Your objective: Everything in the data must be repeated exactly, apart from the pictures, which are left out.

Source material:
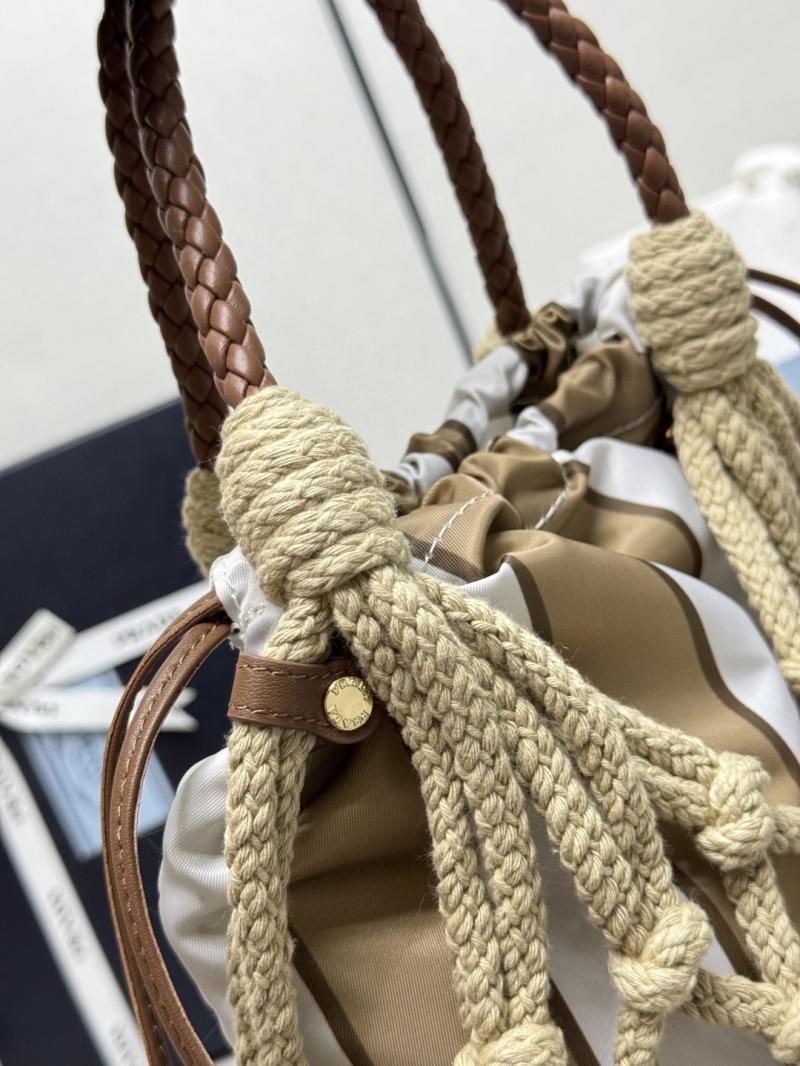 Prada Medium Cotton Macrame Bag Brown White 1BC111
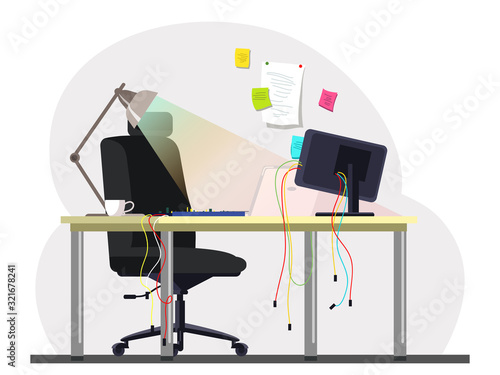 Empty sysadmin office room workplace with computer, wires, keyboard on desk, comfortable chair, reminder colorful stickers hanging on wall. Workstation. Vector workspace interior illustration.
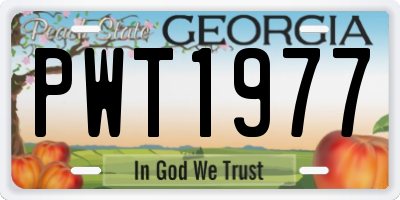 GA license plate PWT1977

Response:
 Prada Medium Cotton Macrame Bag Brown White 1BC111
 Empty sysadmin office room workplace with computer, wires, keyboard on desk, comfortable chair, reminder colorful stickers hanging on wall. Workstation. Vector workspace interior illustration.
 GA license plate PWT1977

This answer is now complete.